The scissor-sound moved around the back of my head from right to left. “Well, sort of. Tempest in a teapot is more like it. Something in the budget bill for next year set off the all-out Restos, and so one of the parties that’s had Meeker’s back says they’ll bolt unless whatever it is gets taken out.”
“You don’t have those out your way, do you? Here the two political blocs are Conservatives and Restorationists; Conservatives want to keep things pretty much the way they are, Restos want to take things back to the way they used to be. Okay, lay your head back.” I did, and he draped a hot damp towel over the lower half of my face, then went back to trimming. “Used to be about half and half, but these days the Restos have the bigger half—all the rural counties going to lower tiers, and so on.”
“Hmm?” I managed to say.
“Oh, that’s right. You probably don’t know about the tiers.”
“It works like this. There are five tiers, and counties vote on what tier they want to be in. The lower the tier, the lower your taxes, but the less you get in terms of infrastructure and stuff. Toledo’s tier five—we got electricity, we got phones in every house, good paving on the streets so you can drive a car if you can afford one, but we pay for it through the nose when it comes to tax time.”
He took off the towel, started brushing hot lather onto my face. “So tier five has a base date of 1950—that means we got about the same sort of services they had here that year. The other tiers go down from there—tier four’s base date is 1920, for tier three it’s 1890, tier two’s 1860, and tier one’s 1830. You live in a tier one county, you got police, you got dirt roads, not a lot else. Of course your taxes are way, way down, too.” He put away the brush, snapped open an old-fashioned straight razor, and went to work on my stubble. “That’s the thing. Nobody’s technology gets a subsidy—that’s in the constitution. You want it, you pay all the costs, cradle to grave. You don’t get to dump ‘em on anybody else. That’s what the Restos are all up in arms about. They think something in the budget is a hidden subsidy for I forget what high-tier technology, and that’s a red line for them.”
“Mm-hmm,” I said again.
“They’ll get it worked out. Go like this.” He drew his lips to one side, and I imitated the movement. “Meeker’s handled that sort of thing more’n a dozen times already—he’s good. If we let our presidents have second terms he’d get one. Now go like this.” I moved my lips the other way. “So they’ll drop whatever it is out of the budget, or put in a user fee, or come up with some other gimmick so that everybody’s happy. It’s not a big deal. Nothing like the fight over the treaty, or the time ten years ago when Mary Chenkin was president, when the Restos wanted to get rid of tier five, just like that. That was a real donnybrook. This close to the Capitol, you better believe I got to hear all sides of it.”
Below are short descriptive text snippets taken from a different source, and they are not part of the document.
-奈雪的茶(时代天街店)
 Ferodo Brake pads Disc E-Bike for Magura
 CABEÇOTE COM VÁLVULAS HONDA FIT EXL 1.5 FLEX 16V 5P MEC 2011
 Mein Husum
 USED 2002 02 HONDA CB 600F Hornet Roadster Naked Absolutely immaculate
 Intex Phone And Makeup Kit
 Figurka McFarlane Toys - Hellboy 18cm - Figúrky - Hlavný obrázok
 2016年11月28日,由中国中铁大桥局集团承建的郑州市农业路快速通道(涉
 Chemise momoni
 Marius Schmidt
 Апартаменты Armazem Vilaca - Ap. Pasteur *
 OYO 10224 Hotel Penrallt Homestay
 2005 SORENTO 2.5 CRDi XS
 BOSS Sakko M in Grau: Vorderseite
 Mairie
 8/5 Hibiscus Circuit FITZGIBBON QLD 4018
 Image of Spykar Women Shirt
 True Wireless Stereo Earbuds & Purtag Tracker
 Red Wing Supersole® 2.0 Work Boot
He finished shaving, washed the last bits of soap off my face with another hot wet towel, then splashed on sone kind of bay-scented aftershave that stung a bit. A brush darted around my shoulders, and then he took off the neckcloth and the poncho thing. “There you go.”
I got up, checked the trim in the big mirror on the wall, ran my fingers across my cheek; it was astonishingly smooth. “Very nice,” I said. While I got out my wallet, I asked the barber, “Do you think Toledo’s ever going to go to a lower tier?”
“People are talking about it,” he said. “I mean, it’s nice to have some of the services, but then tax time comes around and everyone says ‘Ouch.’ Me, I could live with tier four easy, and my business—” He gestured at the shop. “Other than the lights, might as well be tier one. A lot of businesses run things that way—it just makes more sense.” He handed me my change with a grin. “And more money.”